In this way of salvation wonderful glory redounds to God, as the effect of divine wisdom.

1. By this contrivance for our redemption, God’s greatest dishonour is made an occasion of his greatest glory. Sin is a thing by which God is greatly dishonoured; the nature of its principle is enmity against God, and contempt of him. And man, by his rebellion, has greatly dishonoured God. But this dishonour, by the contrivance of our redemption, is made an occasion of the greatest manifestation of God’s glory that ever was. Sin, the greatest evil, is made an occasion of the greatest good. It is the nature of a principle of sin that it seeks to dethrone God: but this is hereby made an occasion of the greatest manifestation of God’s royal majesty and glory that ever was. By sin, man has slighted and despised God: but this is made an occasion of his appearing the more greatly honourable. Sin casts contempt upon the authority and law of God: but this, by the contrivance of our redemption, is made the occasion of the greatest honour done to that same authority, and to that very law. It was a greater honour to the law of God that Christ was subject to it, and obeyed it, than if all mankind had obeyed it. It was a greater honour to God’s authority that Christ showed such great respect, and such entire subjection to it, than the perfect obedience of all the angels in heaven. Man by his sin showed his enmity against the holiness of God: but this is made an occasion of the greatest manifestation of God’s holiness. The holiness of God never appeared to so great a degree, as when God executed vengeance upon his own dear Son.

2. So has the wisdom of God contrived that those attributes are glorified in man’s salvation, whose glory seemed to require his destruction. When man had fallen, several attributes of God seemed to require his destruction. The justice of God requires, that sin be punished as it deserves: but it deserves no less than eternal destruction. God proclaims it as a part of the glory of his nature, that he will in no wise clear the guilty, Exod. xxxiv. 7. The holiness of God seemed to require man’s destruction; for God by his holiness infinitely hates sin. This seemed to require therefore that God should manifest a proportionable hatred of the sinner; and that he should be for ever an enemy unto him. The truth of God seemed also to require man’s destruction; for eternal death was what God had threatened for sin, one jot or tittle of which threatening cannot by any means pass away. But yet so has God contrived, that those very attributes not only allow of man’s redemption, and are not inconsistent with it, but they are glorified in it.
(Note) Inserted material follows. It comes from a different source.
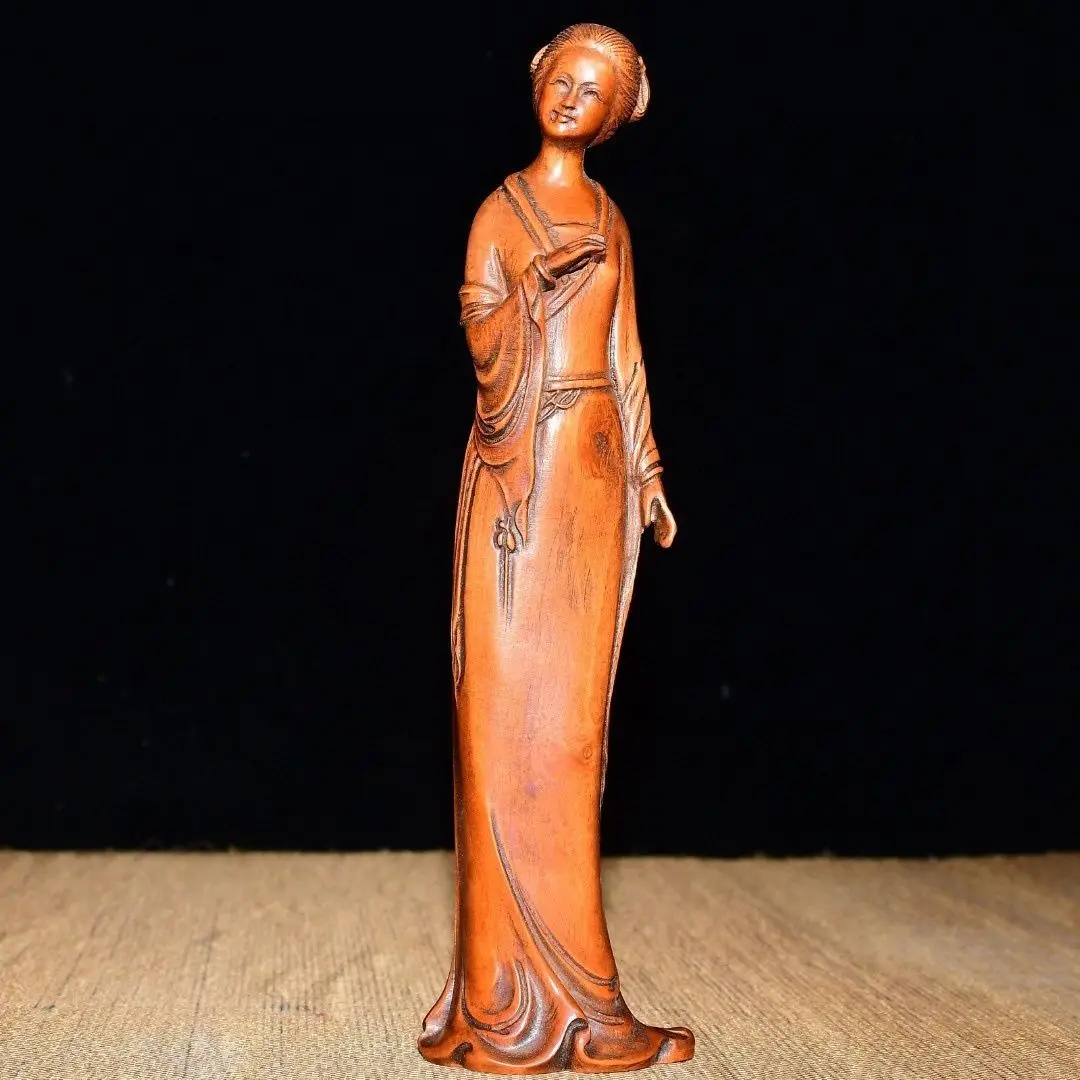 Hand Carved Wood Ancient beauty in a long skirt Statue Figurine Desktop Ornaments Home Decoration Crafts Tea Pet Decor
Even vindictive justice is glorified in the death and sufferings of Christ. The holiness of God, or his holy hatred of sin, that seemed to require man’s damnation, is seen in Christ’s dying for sinners. So herein also is manifested and glorified the truth of God, in the threatenings of the law.

3. Yea, it is so ordered now that the glory of these attributes requires the salvation of those that believe. The justice of God that required man’s damnation, and seemed inconsistent with his salvation, now as much requires the salvation of those that believe in Christ, as ever before it required their damnation. Salvation is an absolute debt to the believer from God, so that he may in justice demand it, on account of what his surety has done. For Christ has satisfied justice fully for his sin; so that it is but a thing that may be challenged, that God should now release the believer from the punishment; it is but a piece of justice, that the creditor should release the debtor, when he has fully paid the debt. And again, the believer may demand eternal life, because it has been merited by Christ, by a merit of condignity. So is it contrived, that that justice that seemed to require man’s destruction, now requires his salvation.

So the truth of God that seemed to require man’s damnation, now requires his salvation. At the same time that the threatening of the law stands good, there is a promise of eternal life to many who have broken the law. They both stand good at the same time; and the truth of God requires that both should be fulfilled. How much soever they seemed to clash, yet so is the matter contrived in this way of salvation, that both are fulfilled, and do not interfere one with another.

At the very time that God uttered the threatening, “In the day thou eatest thereof thou shalt surely die; 150150    Gen. ii. 17. ” and at the time that Adam had first eaten the forbidden fruit; there was then an existing promise, that many thousands of Adam’s race should obtain eternal life. This promise was made to Jesus Christ, before the world was. What a difficulty and inconsistence did there seem to be here? But it was no difficulty to the wisdom of God, that the promise and the threatening should be both fully accomplished to the glory of God’s truth in each of them. Psal. lxxxv. 10.“Mercy and truth are met together, righteousness and peace have kissed each other.”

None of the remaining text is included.